What I did not like:
• The scenery-chomping Eye of Sauron villain. There's even a character I jotted down as "African Gandalf". Others have mentioned Lord of the Rings as a comparison for this book, and it's apropos.
• Exposition city. It happened every so often towards the start, but I found myself especially irritated when we got new infodumps at the 80-90% markers, filling us in on information that wasn't really foreshadowed and which the characters had purposefully withheld for most of the book.
• No plot??? It's structured as a bildungsroman at first, then an episodic quest narrative that had a really vague end-goal. All of which meant the plot felt really meandering and aimless.
• Too-tidy climax. After almost 400 pages, the whole thing is neatly resolved within a couple pages, with a magical handwave. I don't consider it a real win, because it's too easy. Sure, they'd had losses along the way, but the final showdown was so anticlimactic; and again, after 400 pages of chasing the metaphorical man in black, the fact that you never get to spend much time with Daib makes him an uninteresting villain.
• Predictable Chosen One narrative, with an overpowered main character & people who just roll along with a prophecy. I actually really don't like Chosen One narratives, y'all. My kingdom for a novel where the Chosen One dies, stays dead, and their ordinary friends have to carry on the mantle.

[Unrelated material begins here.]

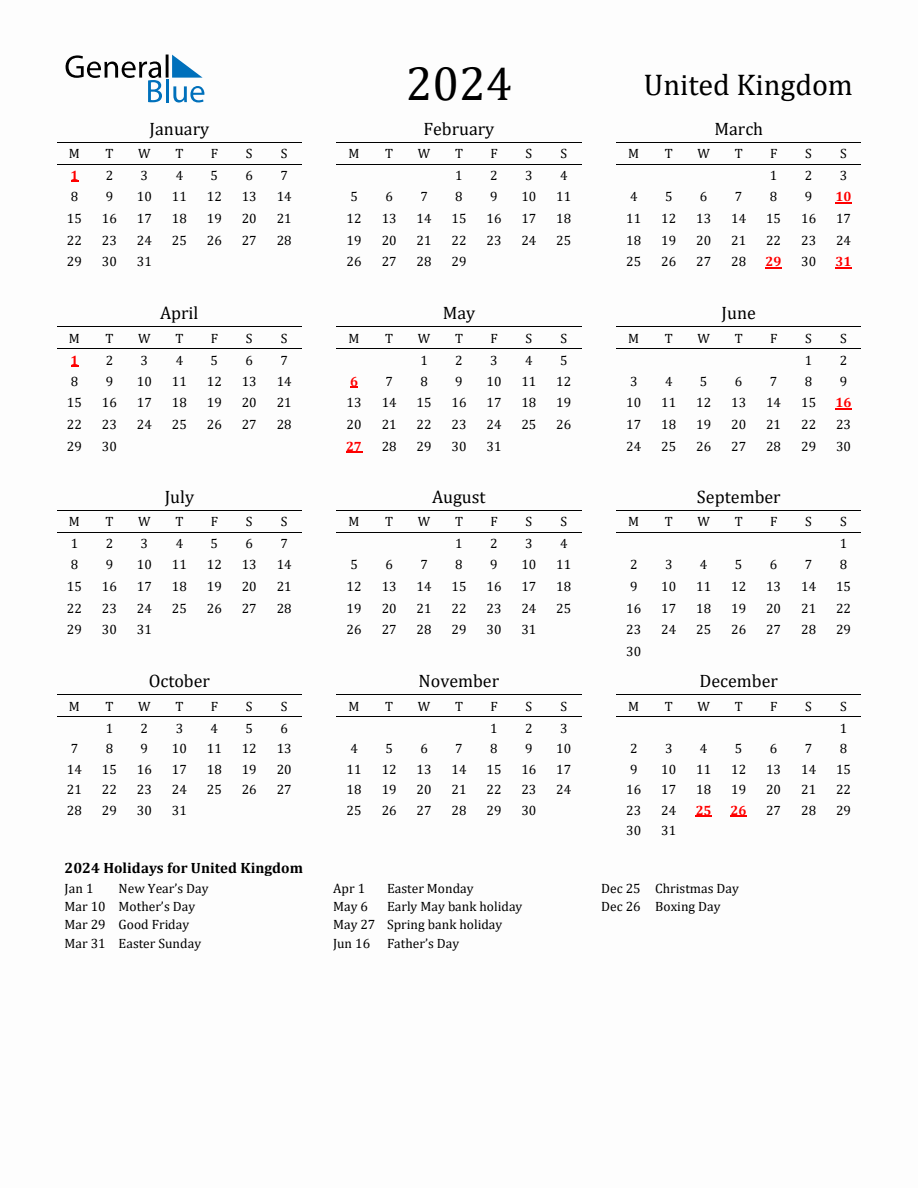 Free United Kingdom Holidays Calendar for Year 2024 - Monday Start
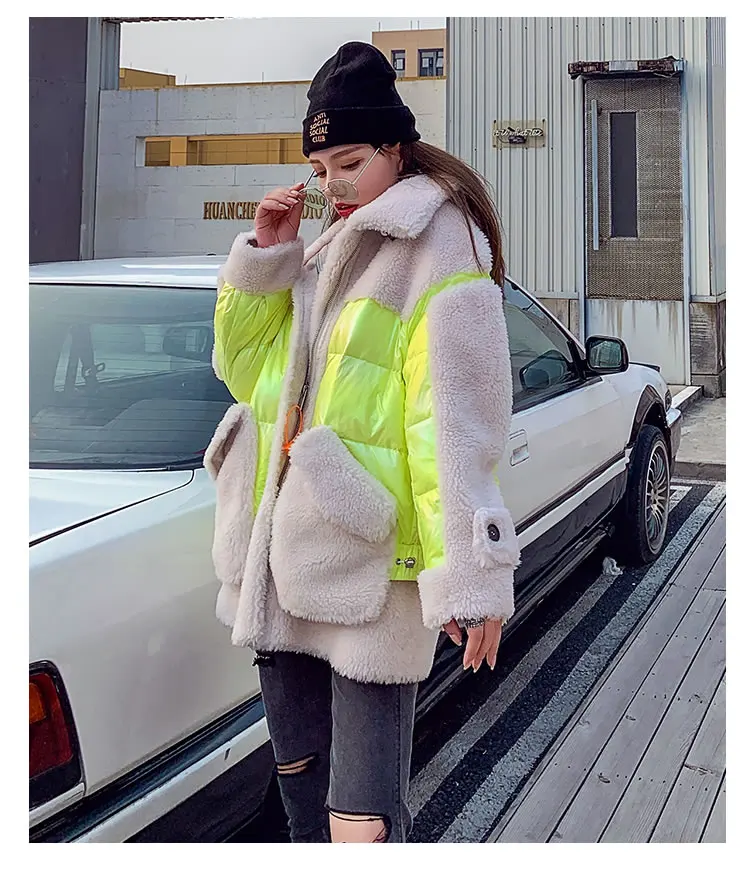 XITAO Женская парка из овечьей шерсти размера плюс, толстое теплое зимнее пальто с высоким воротником, Женская трендовая уличная одежда DMY1087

• There's other cliches to be annoyed by, too, like Onye
• I found myself wondering, since there weren't really any twists or turns or revelations along the way, what was the point of this story really?? It doesn't seem like a super well-thought-out idea. Is it that organised religion and holy books → violence? Because that really did seem like the message by the end. I dunno. The "gotcha" moment in the penultimate chapter was also jarring;
“What makes you think that you should understand it all?” he asked. “That’s a lesson you have to learn, instead of being angry all the time. We’ll never know exactly why we are, what we are, and so on. All you can do is follow your path all the way to the wilderness, and then you continue along because that’s what must be.”
"We cried and sobbed and wept and bled tears. But when we were finished, all we could do was continue living."